The government needs to think ahead to what will happen when the borders open again, though, if we receive fewer international students or see a reluctance to travel. The competition for those students is already ramping up, and the government should consider how it can support the sector in that pursuit.

Each country’s education sector will have to focus on actively marketing the quality of their specific education opportunities, paying particular attention to the well-being of students and signalling its welcome to international students. The UK, for example, should focus on promoting its improved graduate employment route for international students in particular.

The UK is home to world-renowned universities with individual reputations that speak for themselves. The country has many strengths in the international student market, such as its range of high-quality disciplines, diverse campuses, and English-language delivery. That being said, the global student market for many countries will have to be rebuilt in some ways.

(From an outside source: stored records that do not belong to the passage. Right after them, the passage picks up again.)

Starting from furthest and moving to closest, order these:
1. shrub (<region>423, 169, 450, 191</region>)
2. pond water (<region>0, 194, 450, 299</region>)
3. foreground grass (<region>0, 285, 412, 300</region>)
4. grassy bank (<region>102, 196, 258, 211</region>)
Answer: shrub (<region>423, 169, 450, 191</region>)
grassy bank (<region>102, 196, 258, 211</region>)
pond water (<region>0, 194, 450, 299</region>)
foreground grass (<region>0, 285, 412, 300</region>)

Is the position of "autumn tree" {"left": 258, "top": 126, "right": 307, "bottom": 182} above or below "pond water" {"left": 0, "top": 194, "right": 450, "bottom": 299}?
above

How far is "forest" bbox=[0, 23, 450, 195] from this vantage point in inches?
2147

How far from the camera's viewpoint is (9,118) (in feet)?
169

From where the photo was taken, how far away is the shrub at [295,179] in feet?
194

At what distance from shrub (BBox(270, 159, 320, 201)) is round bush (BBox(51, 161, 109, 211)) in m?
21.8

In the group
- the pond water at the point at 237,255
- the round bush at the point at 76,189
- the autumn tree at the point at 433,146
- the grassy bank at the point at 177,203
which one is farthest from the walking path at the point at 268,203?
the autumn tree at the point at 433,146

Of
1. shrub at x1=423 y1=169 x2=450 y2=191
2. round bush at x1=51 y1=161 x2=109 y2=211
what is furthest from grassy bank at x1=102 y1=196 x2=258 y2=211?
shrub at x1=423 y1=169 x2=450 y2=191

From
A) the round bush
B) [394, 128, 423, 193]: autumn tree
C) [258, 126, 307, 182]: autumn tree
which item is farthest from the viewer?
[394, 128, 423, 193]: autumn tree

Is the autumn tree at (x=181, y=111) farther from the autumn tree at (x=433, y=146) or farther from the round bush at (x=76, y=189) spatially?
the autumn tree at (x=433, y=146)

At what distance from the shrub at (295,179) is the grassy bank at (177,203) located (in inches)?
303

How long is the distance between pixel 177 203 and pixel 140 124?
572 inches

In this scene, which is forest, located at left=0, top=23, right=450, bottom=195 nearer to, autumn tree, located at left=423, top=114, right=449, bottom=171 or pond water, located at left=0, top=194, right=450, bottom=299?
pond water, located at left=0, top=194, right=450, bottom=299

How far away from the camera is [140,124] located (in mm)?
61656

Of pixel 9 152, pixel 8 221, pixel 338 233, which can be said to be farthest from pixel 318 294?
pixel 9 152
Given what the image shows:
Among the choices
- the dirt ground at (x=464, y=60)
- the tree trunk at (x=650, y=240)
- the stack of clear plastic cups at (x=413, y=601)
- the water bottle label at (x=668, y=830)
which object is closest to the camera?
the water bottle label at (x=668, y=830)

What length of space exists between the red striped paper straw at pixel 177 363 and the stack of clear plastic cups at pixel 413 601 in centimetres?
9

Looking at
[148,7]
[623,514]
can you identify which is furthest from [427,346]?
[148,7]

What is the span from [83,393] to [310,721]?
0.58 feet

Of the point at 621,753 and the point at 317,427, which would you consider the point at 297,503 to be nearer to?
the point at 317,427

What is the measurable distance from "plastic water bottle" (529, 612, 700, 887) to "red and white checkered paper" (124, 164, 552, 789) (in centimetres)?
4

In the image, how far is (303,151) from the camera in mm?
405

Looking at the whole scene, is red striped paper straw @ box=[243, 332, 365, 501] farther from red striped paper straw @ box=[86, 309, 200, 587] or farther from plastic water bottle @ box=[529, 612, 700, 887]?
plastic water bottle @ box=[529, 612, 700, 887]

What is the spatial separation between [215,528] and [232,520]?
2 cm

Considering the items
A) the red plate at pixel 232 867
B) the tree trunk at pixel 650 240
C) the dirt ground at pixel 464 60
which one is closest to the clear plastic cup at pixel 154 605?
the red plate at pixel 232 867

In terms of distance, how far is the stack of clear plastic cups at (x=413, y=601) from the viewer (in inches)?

Governments will need to demonstrate that their countries are a safe place for students to be. Criticism the UK faced for their response to the pandemic will likely affect their market negatively. Fee rebates could be an effective and inexpensive way to instill confidence in local students and send a positive message to prospective international students. Looking ahead, students will likely care about their health and safety in a new way, and universities may have to build on the government’s response to extend their welcome.

International students are a significant asset to higher education and countries as a whole. The data shows that students like learning alongside people from other countries, which is an excellent experience for the global labour market. The quality of research is also better when people from different countries are involved.

The higher education sector will need to expand its reach to more source countries for students. When the pandemic is over, and the world begins the process of rebuilding, schools and governments should prioritize demonstrating their interest and support for international students.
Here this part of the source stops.